Perspectives are what all of us have. What sets you apart from me is how your perspectives are defined in life. The word ‘perspective’, a derivative of the Latin term ‘perspicere‘ or ‘to look through‘, aptly defines a vantage point or view that is specific to the observer’s eye. It cannot be replicated by someone else, unless the person stands where you do. Perspectives also have a way of confounding you. For instance, if you happen to travel the length and breadth of India, a myriad perspectives form on the journey, not just visual but also cultural, structural, societal and regional ones. Why else would India be called a ‘melting pot’?
In April 2012, we had planned an escapade to beat the sultriness of Mumbai. Rain was not anticipated soon and like every Mumbaikar, one dreaded the yawning gap between April and June – June being the month that brings in the soothing monsoon. A trip to Dharamasala materialized well. As we climbed to cooler heights in our bus from Delhi, we felt we were transported to the heavenly abode of the Gods. Dharamsala lay silent in the idyllic hills of Himachal Pradesh, fortified by the great Dhauladhar range.
This is the place where His Holiness the Dalai Lama had settled and spread the word about Peace and Buddhism, two catchwords that can never be separated. Along with the apple-cheeked, ruddy hill people of Himachal Pradesh, you also see an equal number of Tibetans here – those that escaped Tibet following the Chinese offensive, to settle in and around Himachal Pradesh.
I refrain from saying that Dharamsala is ‘occupied’ by Tibetan refugees. That’s a harsh term with many political leanings and no worthy meaning. My perspective allows me to safely say that when Tibet was troubled by the oppressive Chinese, it’s people didn’t have an option but to flee across their border, although some stayed back only to meet their tragic end. The shivers are still felt and seen. Even as we enjoyed our trip in the hills, we came across a peace march for yet another incident of self-immolation in Tibet.
As early as 1959, India had offered refuge to the Dalai Lama and his fellow Tibetans. It was probably the ethical thing to do at the time. We let them stay. Who are we to define imaginary borders? They are as unreal as a mirage in the desert and as juvenile as hopscotch. Borders only breed feelings of alienation and contempt, and keep the border security forces busy. More than 50 years after the exodus, Tibetans in India still pray and hope for peace in their native land. Dharamsala was once a sojourn for these refugees, but now it is home to them. They have established numerous trades and businesses, lending a different flavor to our culture in the forms of Tibetan art, music, food, and language. Monotony of any kind does not help the creative soul, the wanderer and artist, so I’m glad we have assimilated such diverse cultures.

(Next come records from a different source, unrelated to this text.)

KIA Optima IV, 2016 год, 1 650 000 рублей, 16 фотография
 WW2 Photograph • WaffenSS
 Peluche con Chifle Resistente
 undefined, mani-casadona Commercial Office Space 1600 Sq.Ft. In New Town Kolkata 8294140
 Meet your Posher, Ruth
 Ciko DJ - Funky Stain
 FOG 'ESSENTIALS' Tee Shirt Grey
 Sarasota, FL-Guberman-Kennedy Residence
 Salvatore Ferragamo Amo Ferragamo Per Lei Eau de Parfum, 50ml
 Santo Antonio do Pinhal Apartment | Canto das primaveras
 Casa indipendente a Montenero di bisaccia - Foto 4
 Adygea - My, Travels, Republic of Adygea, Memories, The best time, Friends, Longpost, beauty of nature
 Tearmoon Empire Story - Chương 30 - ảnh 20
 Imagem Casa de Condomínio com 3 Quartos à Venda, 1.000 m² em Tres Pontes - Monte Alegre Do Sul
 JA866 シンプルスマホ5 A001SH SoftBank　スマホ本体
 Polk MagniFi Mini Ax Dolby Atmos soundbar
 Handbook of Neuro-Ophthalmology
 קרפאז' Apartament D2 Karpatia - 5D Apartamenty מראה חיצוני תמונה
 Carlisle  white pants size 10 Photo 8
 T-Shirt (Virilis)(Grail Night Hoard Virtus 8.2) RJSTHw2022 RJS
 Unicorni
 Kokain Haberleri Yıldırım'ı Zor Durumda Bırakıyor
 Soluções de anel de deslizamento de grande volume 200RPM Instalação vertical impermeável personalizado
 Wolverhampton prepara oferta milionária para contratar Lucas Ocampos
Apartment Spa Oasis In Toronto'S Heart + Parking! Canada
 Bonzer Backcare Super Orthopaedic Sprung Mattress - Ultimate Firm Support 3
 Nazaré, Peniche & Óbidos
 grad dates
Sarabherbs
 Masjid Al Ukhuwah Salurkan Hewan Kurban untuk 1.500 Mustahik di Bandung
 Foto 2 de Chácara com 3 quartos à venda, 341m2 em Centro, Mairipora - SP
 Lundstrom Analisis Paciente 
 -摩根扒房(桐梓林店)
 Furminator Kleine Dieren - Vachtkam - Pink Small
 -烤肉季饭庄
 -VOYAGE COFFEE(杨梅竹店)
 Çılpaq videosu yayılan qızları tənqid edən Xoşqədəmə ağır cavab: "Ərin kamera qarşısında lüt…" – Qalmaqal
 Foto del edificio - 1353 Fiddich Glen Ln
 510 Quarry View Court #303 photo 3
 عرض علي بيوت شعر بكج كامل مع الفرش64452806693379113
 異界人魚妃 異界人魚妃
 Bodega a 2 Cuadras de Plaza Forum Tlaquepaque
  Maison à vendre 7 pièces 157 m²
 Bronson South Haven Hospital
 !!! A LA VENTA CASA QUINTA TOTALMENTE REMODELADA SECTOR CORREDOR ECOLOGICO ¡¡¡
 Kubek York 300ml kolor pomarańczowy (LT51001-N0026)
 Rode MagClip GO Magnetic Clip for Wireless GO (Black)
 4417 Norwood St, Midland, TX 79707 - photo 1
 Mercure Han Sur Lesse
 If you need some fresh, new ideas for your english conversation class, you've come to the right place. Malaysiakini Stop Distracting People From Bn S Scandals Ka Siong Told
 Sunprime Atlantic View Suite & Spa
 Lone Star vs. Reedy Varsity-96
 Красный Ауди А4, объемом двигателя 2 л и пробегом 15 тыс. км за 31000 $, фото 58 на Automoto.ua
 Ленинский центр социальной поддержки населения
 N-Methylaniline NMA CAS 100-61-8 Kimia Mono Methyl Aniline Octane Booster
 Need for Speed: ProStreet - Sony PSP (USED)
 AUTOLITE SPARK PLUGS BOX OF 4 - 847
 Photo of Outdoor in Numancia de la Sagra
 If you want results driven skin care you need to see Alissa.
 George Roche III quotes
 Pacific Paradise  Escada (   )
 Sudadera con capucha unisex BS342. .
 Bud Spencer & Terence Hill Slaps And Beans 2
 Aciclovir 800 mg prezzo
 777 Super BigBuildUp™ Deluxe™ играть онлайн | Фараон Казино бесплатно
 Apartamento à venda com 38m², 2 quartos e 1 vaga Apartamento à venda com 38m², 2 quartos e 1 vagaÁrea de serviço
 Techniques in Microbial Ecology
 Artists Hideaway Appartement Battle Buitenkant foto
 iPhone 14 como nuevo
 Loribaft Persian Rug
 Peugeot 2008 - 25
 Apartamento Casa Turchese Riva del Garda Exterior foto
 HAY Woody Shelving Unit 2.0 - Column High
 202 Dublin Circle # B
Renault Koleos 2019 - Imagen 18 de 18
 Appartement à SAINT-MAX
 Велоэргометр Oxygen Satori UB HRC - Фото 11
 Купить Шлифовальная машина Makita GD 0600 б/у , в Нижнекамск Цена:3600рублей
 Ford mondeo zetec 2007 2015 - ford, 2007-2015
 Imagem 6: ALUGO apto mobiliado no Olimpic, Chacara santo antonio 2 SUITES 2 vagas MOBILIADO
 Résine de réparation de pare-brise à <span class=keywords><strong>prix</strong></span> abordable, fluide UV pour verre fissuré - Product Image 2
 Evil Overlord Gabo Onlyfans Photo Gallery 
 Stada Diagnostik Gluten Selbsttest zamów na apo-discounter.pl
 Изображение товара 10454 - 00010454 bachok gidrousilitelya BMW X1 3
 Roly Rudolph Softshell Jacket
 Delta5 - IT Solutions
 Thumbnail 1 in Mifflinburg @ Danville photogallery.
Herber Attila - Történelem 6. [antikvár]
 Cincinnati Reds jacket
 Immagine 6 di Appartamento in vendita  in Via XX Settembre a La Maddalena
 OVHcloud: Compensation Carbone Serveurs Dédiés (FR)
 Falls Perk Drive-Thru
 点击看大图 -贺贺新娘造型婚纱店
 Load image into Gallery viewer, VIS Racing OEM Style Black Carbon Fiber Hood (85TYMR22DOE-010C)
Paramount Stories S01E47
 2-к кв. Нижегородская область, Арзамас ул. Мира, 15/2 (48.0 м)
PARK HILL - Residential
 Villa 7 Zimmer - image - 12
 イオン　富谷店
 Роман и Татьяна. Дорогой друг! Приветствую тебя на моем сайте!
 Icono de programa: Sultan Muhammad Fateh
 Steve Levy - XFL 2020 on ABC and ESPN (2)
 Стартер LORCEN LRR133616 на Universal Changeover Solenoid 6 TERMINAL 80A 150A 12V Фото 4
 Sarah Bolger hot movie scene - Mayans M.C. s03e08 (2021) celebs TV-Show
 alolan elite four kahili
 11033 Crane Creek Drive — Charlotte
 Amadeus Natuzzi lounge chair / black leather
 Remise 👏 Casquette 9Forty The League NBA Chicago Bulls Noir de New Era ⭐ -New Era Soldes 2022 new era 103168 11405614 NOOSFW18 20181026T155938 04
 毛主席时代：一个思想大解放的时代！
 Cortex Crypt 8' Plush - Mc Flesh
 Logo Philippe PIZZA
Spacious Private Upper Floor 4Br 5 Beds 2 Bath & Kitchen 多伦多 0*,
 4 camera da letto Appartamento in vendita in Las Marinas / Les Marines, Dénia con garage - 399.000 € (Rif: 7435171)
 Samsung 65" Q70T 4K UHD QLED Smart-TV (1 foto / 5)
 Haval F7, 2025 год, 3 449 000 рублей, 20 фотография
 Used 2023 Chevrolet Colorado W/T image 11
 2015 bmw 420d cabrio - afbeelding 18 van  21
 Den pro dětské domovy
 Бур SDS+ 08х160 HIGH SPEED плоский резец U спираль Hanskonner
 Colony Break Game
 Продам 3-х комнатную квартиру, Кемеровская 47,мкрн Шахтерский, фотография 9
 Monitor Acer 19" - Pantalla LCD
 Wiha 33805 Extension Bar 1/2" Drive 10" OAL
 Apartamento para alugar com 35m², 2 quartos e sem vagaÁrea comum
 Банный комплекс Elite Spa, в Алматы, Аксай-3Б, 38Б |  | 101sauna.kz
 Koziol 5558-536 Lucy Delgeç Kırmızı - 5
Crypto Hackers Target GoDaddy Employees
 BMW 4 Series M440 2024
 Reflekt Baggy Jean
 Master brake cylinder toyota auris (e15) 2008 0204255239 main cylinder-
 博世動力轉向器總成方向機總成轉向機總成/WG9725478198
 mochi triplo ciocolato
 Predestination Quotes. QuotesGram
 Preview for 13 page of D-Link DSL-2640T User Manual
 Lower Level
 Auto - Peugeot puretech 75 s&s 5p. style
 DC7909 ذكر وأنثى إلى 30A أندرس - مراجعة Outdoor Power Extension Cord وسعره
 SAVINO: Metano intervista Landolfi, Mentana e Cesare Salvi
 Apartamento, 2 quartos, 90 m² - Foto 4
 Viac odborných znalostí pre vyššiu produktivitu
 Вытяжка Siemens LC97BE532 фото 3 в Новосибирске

I have a sketch from the Dalai Lama’s temple in McLeod Ganj. One side of the squarish structure is flanked by an obscure gate at a busy market street, and the other side overlooks the valley and pine trees below. If it is true that places of worship give out positive vibes, then it is truest for this temple. We circled around the inner sanctum, set in yet another square, enclosed by cylindrical prayer wheels on four sides. Turning the wheels in a clockwise direction is said to give out positive energy. The inscription on them read ‘Om Mani Padme Hum’, a six-syllabled mantra that holds the essence of Buddhism. The mantra reverberated in my heart long after returning to the city. It has an amazing calming effect on the mind.
The sketch was obviously made from a photo after I returned to Mumbai, because I rarely sketch on the scene. Live sketching is something I need to develop; it is the mark of a good artist. But thank goodness for digital photography, for I would have lost many an opportune moment! The perspective in this sketch was challenging, especially because I had to draw the wheels according to their graduated height and width, but the results were satisfying. The whole sketch was first drawn with a pencil, and then darkened with a black microtip pen. I love those pens and their oozing wet ink. I coloured the monk red with a microtip pen too, so as to define the subject in the picture.